Während der Fall seinen Weg durch die Gerichte fortsetzt, wächst die Koalition aus Verbänden und Gebietskörperschaften, die TotalEnergies verklagt hat. Bisher sind 16 Gebietskörperschaften und sechs Verbände an der Klage gegen TotalEnergies beteiligt. Bei einer Anhörung am 21. September 2022 erklärten die Städte Paris und New York offiziell ihren Beitritt, gefolgt von Amnesty International und der Stadt Poitiers.

„Um den Anstieg der globalen Temperatur unter 2°C zu halten, muss das Pariser Abkommen unbedingt eingehalten werden. Einige denken jedoch weiterhin an ihre finanziellen Interessen vor dem kollektiven Interesse und dem Schutz des Lebens auf der Erde“, erklärte die Bürgermeisterin von Paris, Anne Hidalgo, die die Gelegenheit sieht, „einen weltweiten Akteur im Energiebereich dazu zu zwingen, das Pariser Abkommen einzuhalten“.

In diesem Fall ist man jedoch noch weit von einer Debatte über den Inhalt entfernt. Als der Fall im März 2022 an das Pariser Gericht überwiesen wurde, wurde, wie es bei komplexen Zivilverfahren üblich ist, ein sogenannter „juge de la mise en état“ ernannt. Seine Aufgabe ist es, für einen fairen Ablauf des Zivilprozesses zu sorgen. Vor ihm wird an diesem Mittwoch die Anhörung stattfinden.

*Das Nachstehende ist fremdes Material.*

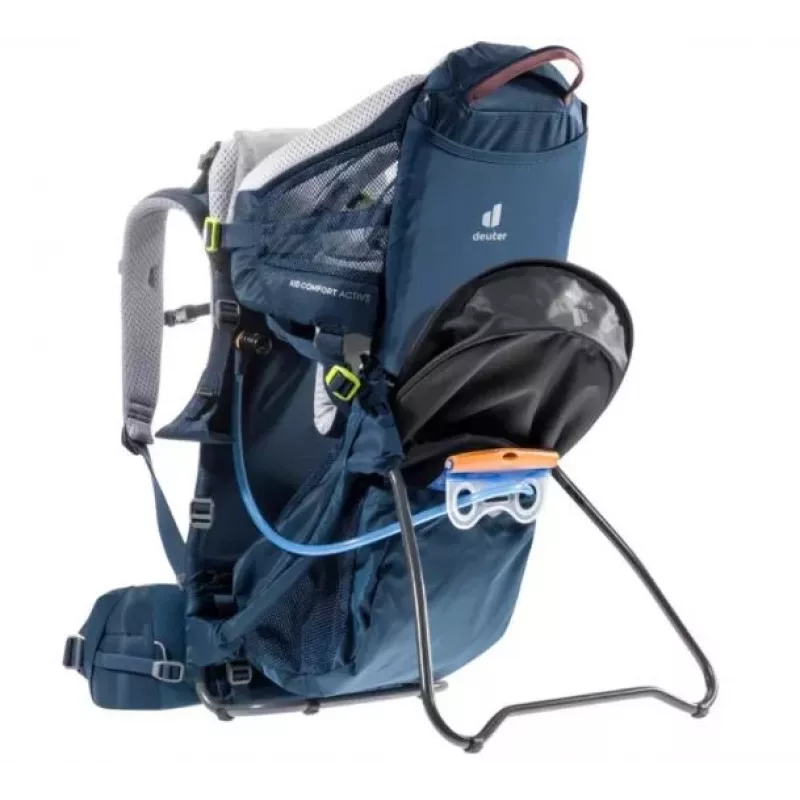 Nešiojama kuprinė vaikui DEUTER Kid Comfort Active mėlyna, poliamidas, iki 22 kg, saulės stogelis, pėdų atrama, VariQuick, Lite Air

Jede Partei wird ihre Anträge zu den von TotalEnergies vorgebrachten Verfahrenseinreden und Einreden vortragen. Ausserdem hoffen die Kläger, TotalEnergies dazu zwingen zu können, „alle neuen Projekte zur Ausbeutung fossiler Energien auszusetzen“, bis der Fall inhaltlich geprüft ist. Die Anwälte erwarten ein langwieriges Verfahren und rechnen nicht mit einer Hauptsacheverhandlung vor 2024 oder 2025 oder sogar noch später.